I stared stupidly at this abrupt comment. I’d come to love this no-nonsense woman over our irreverent conversations about books and kids and life in general.  She continued.  “I’m serious.  You need to be a CEO. You have great ideas. You see the big picture. You see solutions to problems. You don’t put up with crap. People like you. You need to be a CEO.”

I laughed and walked away, and her CEO words got on the bus and traveled to the same destination as my Lake House prayer  – the lovely resort town of Ain’t Nobody Got Time for That. Everyone knows that CEOs need MBAs  I have an MBA- minus the M.

More.Time.Passed. While I tried to no avail to find work in the same town in which I was living so the girls and I could stay in our home, a friend approached me with a job offer for full time work.  I’d been doing part time marketing on the side for him for the Y camp he ran, but camp was growing and needed someone with my background to run marketing and development. It was the camp my father attended as a child, and it’s where he first learned to dream big. It was the camp where I started my faith walk thanks to the loving words of a guitar playing Methodist minister known as “Chaplain John,” and it was the camp where my girls attended every summer and came home all smiles and giggles.  “Mom, whenever we drive down the road to camp, it’s feels like we’re going home!” they’d tell me every time I’d drop them off for a week or two. (When the movie of my life comes out, and Ashley Judd or Diane Lane – playing the part of me -is driving the car into camp there needs to be sweeping music behind those words. Please take note.)

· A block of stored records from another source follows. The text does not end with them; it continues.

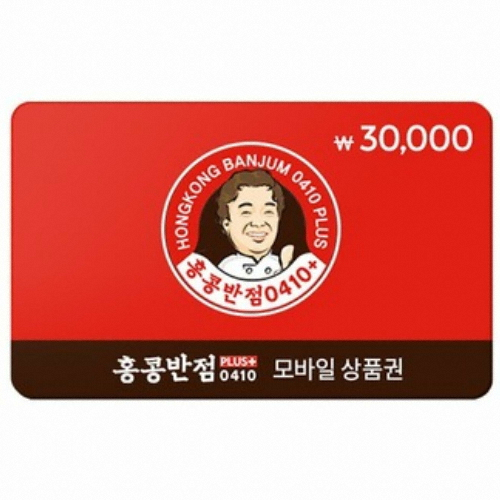홍콩반점 모바일 금액권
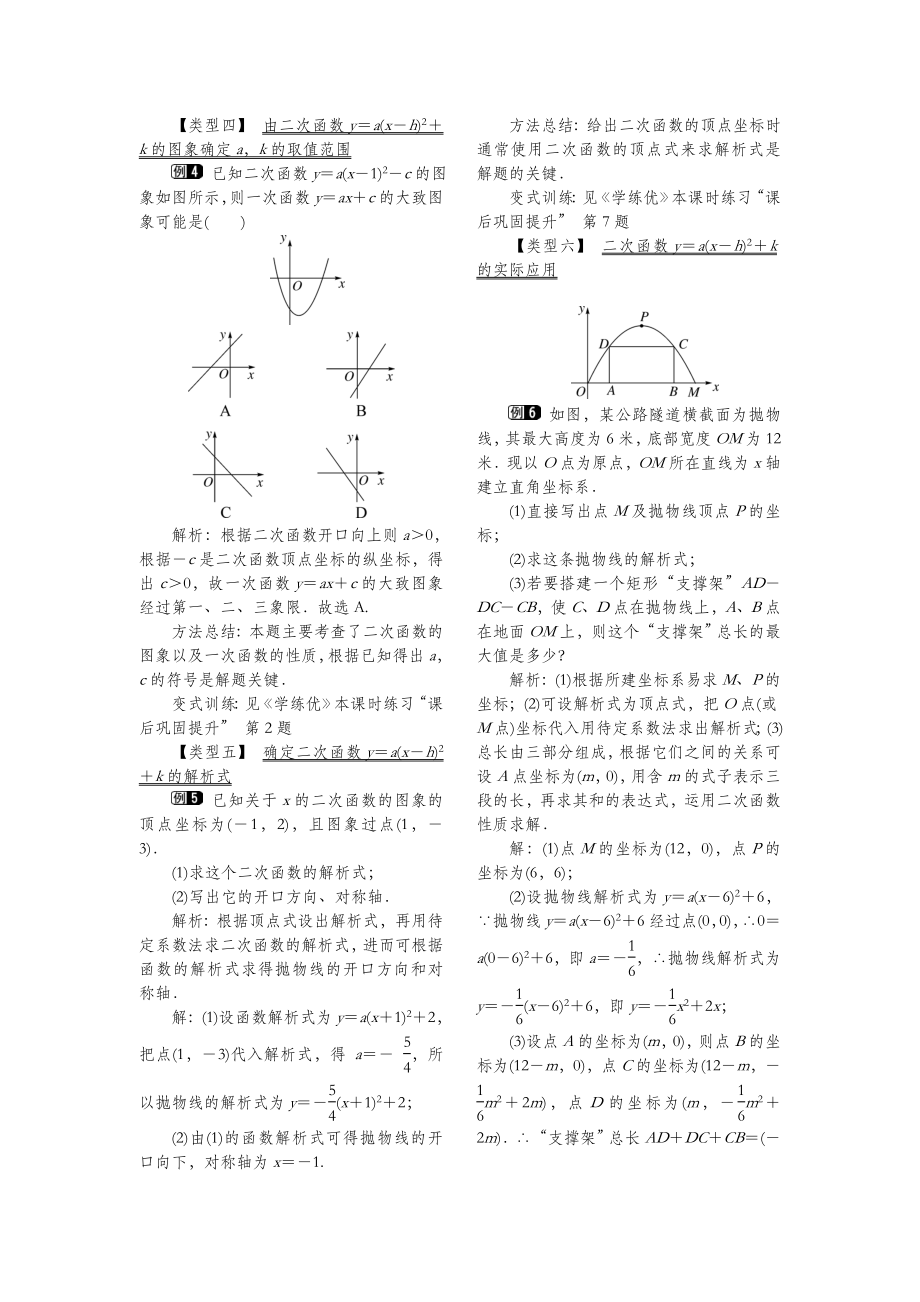 北师大版数学九年级下册2.2第4课时二次函数y=a(xh)2+k的图象与性质教案1.doc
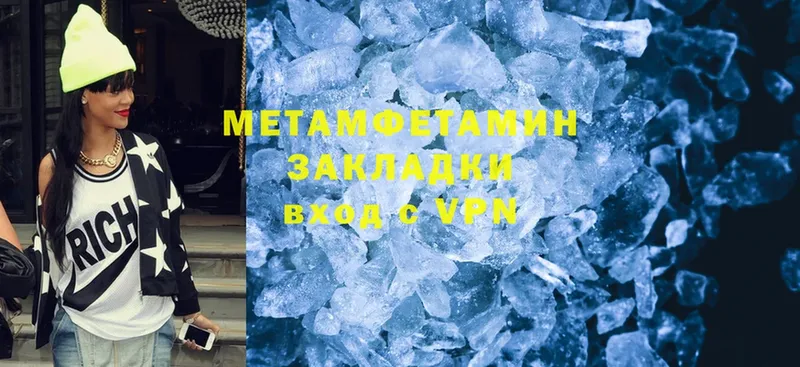 Метамфетамин витя Адыгейск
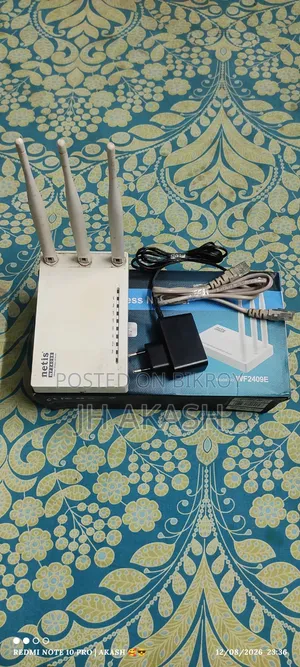 Used Router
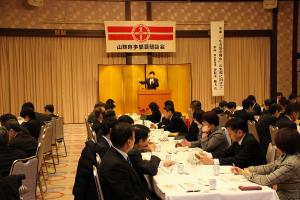 山陽時事問題懇談会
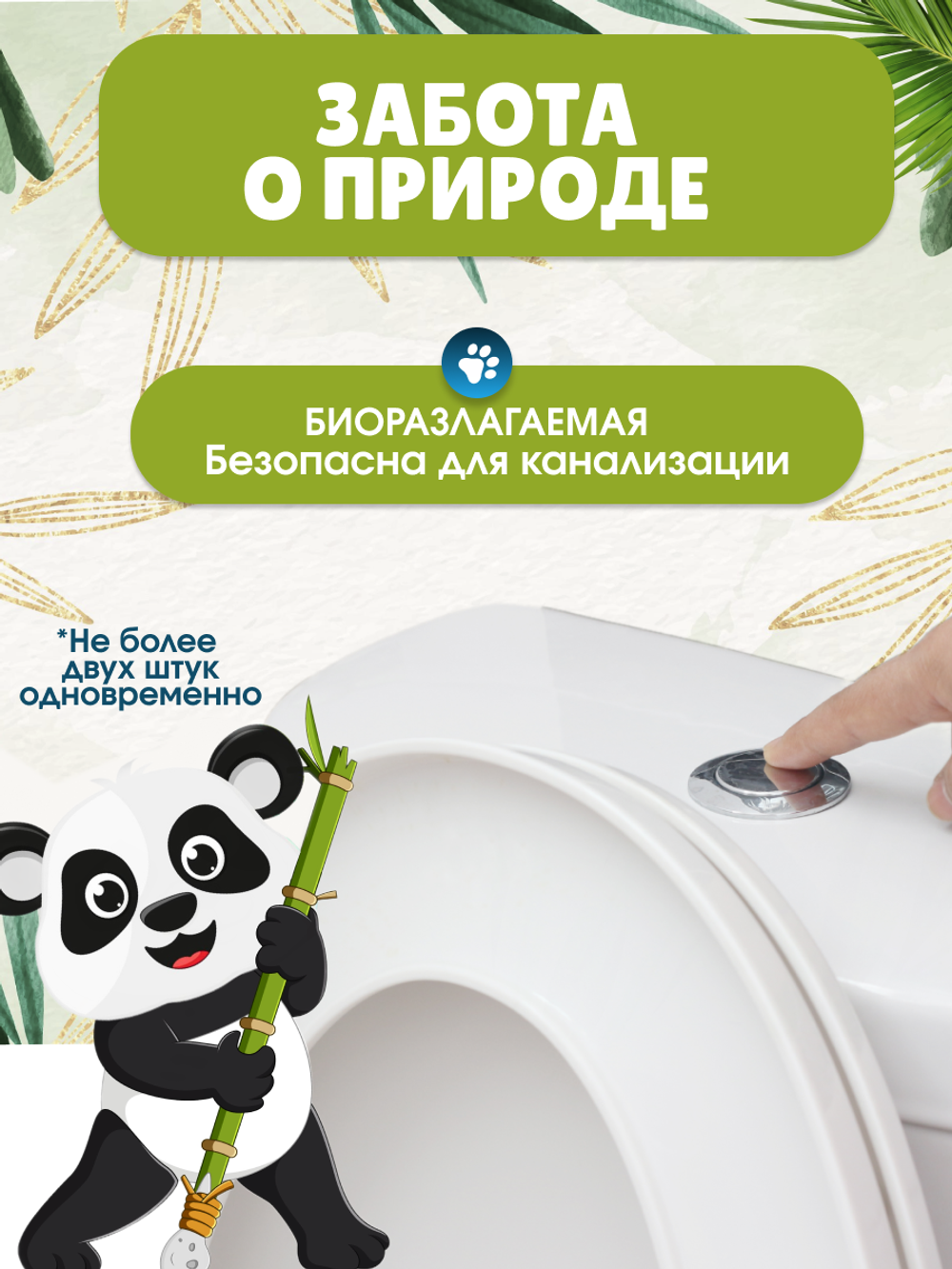 Детская влажная туалетная бумага 96 шт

“Just think about it, Priscilla…if nothing else works out.”

Well, I thought about working at camp about as long as I prayed for a lake house and entertained the idea of being CEO one day.  My daughters had been through enough transitions with their dad leaving.  And now, for crying out loud, they were in middle school.  I couldn’t up and go in the middle of middle school…I mean….it’s MIDDLE SCHOOL! (Even though military kids do it all the time, even though  children worldwide the same ages as my daughters are forced to move because of war, famine and threats of being sold into slavery. Why on God’s Green Earth is American culture obsessed with teenage angst that doesn’t have to be? Shame on us! But that’s another lecture for another time.)

I continued to look for work that wasn’t there…not because it wasn’t physically there, but because unbeknownst to me God still had this Lake House idea on his mind and had busied His angels to run around slamming doors of what I thought were opportunity shut right in my face at every turn.  They shut, and shut and shut until I was finally only left with one door, so I called me friend, and said, “Look, I can’t find work. The state is giving me the run-around on my teaching certification, and I don’t have time or energy to wait around for them, so if you still want me to come work for you, I will.”